In this comparative effectiveness study, CSF diversion was not associated with improved outcome at 6 months after TBI, but a decrease in ICP was observed. Given the higher quality of evidence generated by this study, current evidence-based guidelines related to CSF diversion should be reconsidered.
脑脊液(CSF)分流术已被使用数十年,作为治疗严重创伤性脑损伤(TBI)儿童的一种方法,并有循证指南推荐。然而,这些建议是基于有限的研究。
确定 CSF 分流术是否与儿科格拉斯哥预后评分-扩展(GOS-EP)的改善和严重 TBI 儿童颅内压(ICP)的降低相关。
设计、地点和参与者:这项观察性比较有效性研究在 8 个国家的 51 个临床中心进行(美国、英国、西班牙、荷兰、澳大利亚、新西兰、南非和印度),这些中心常规治疗严重 TBI 儿童,从 2014 年 2 月至 2017 年 9 月,损伤后 6 个月进行随访(最终随访,2021 年 10 月 22 日)。纳入标准为格拉斯哥昏迷评分(GCS)为 8 分或更低、有颅内压(ICP)监测器现场放置且年龄小于 18 岁的严重 TBI 儿童。如果儿童怀孕或 ICP 监测器未在研究地点放置,则将其排除在外。连续筛选和招募儿童,收集治疗数据,并在出院时获得结局测试的同意。进行治疗前特征的倾向评分匹配,以制定主要分析的匹配对。数据分析于 2022 年 4 月 18 日完成。
临床护理遵循当地标准,包括 CSF 分流术(或不)的使用,在 ICP 监测器放置时对患者进行分层(CSF 组与无 CSF 组)。
主要结局为 6 个月时的 GOS-EP,而 ICP 被视为次要结局。CSF 与无 CSF 作为意向治疗分析,对接受延迟 CSF 分流的儿童进行敏感性分析。

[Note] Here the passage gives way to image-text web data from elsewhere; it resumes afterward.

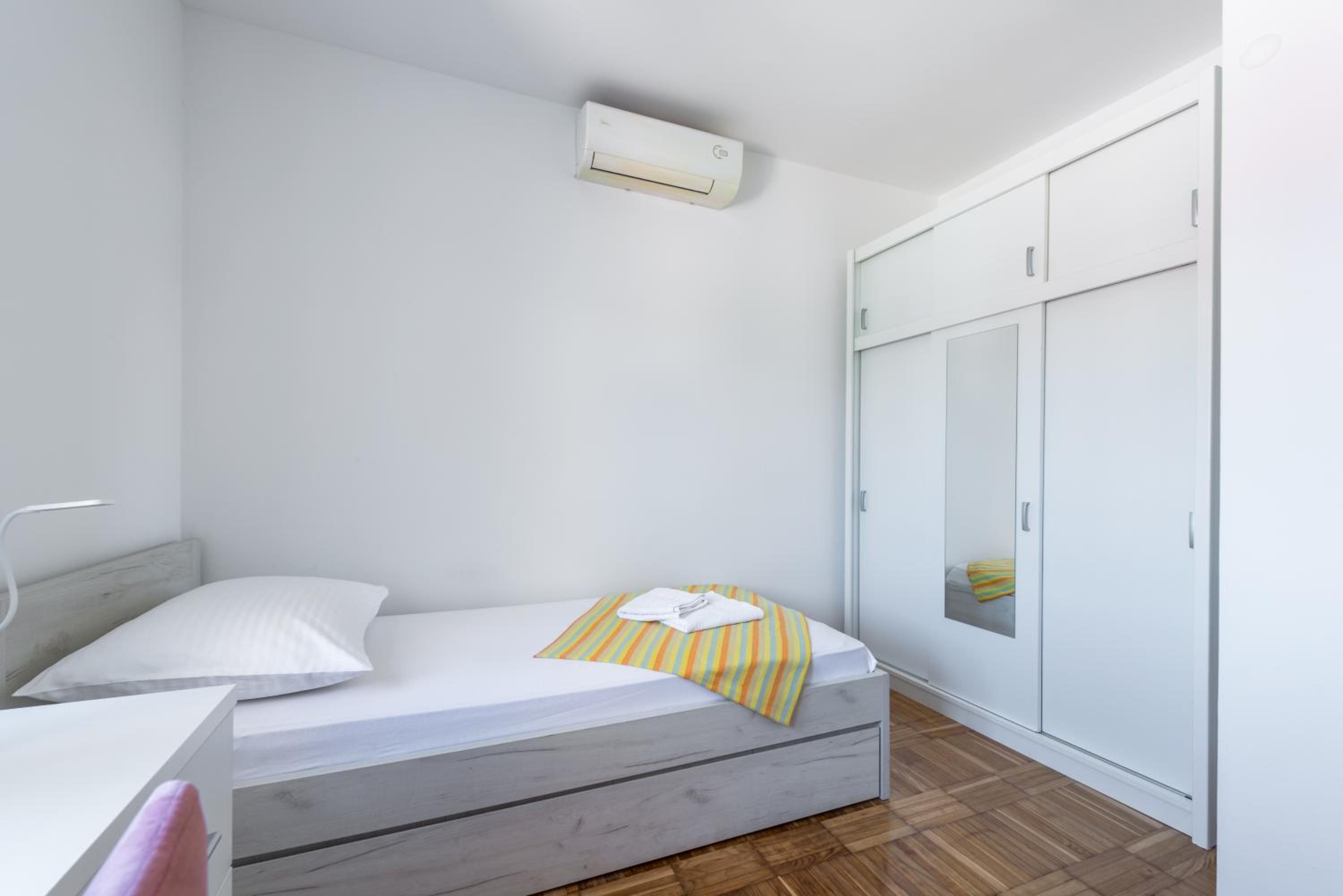 Ana & Mia Apartment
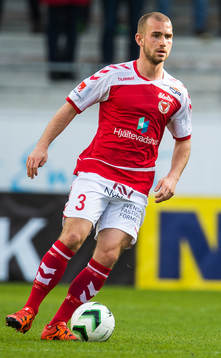 Kalmars Sebastian Starke-Hedlund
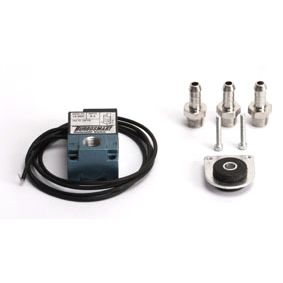 Turbosmart Turbocharger Boost Solenoid TS-0301-3003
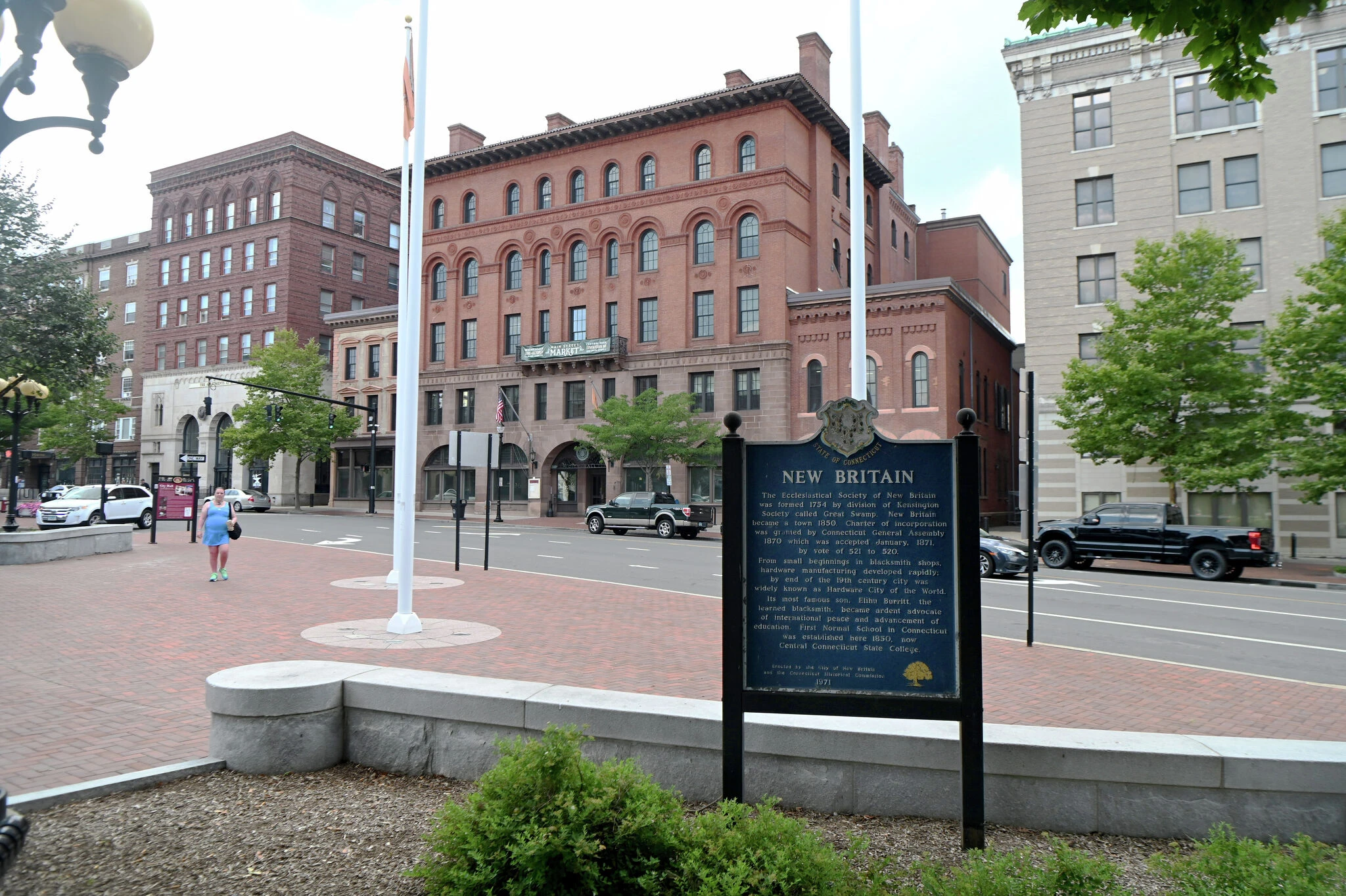 New Britain tax collector probe finds pattern of financial miscues: Haar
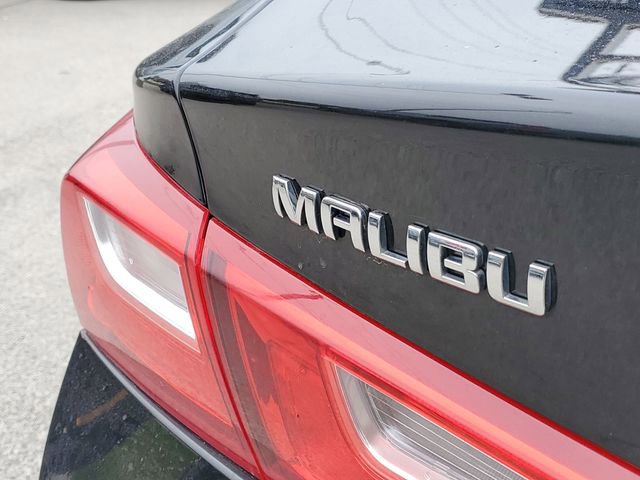 Used 2023 Chevrolet Malibu LT image 9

共纳入 1000 名 TBI 儿童,其中 314 名接受 CSF 分流术(平均[SD]年龄,7.18[5.45]岁;208[66.2%]名男孩),686 名未接受(平均[SD]年龄,7.79[5.33]岁;437[63.7%]名男孩)。倾向性匹配分析包括 98 对。在倾向性评分匹配分析中,两组之间 GOS-EP 无差异(中位数[IQR]差值,0[-3 至 1];P=0.08),但 CSF 组的总 ICP 降低(平均[SD]差值,3.97[0.12]mmHg;P<0.001)。
在这项比较有效性研究中,CSF 分流术与 TBI 后 6 个月的结局改善无关,但观察到 ICP 降低。鉴于该研究产生的高质量证据,应重新考虑与 CSF 分流相关的当前循证指南。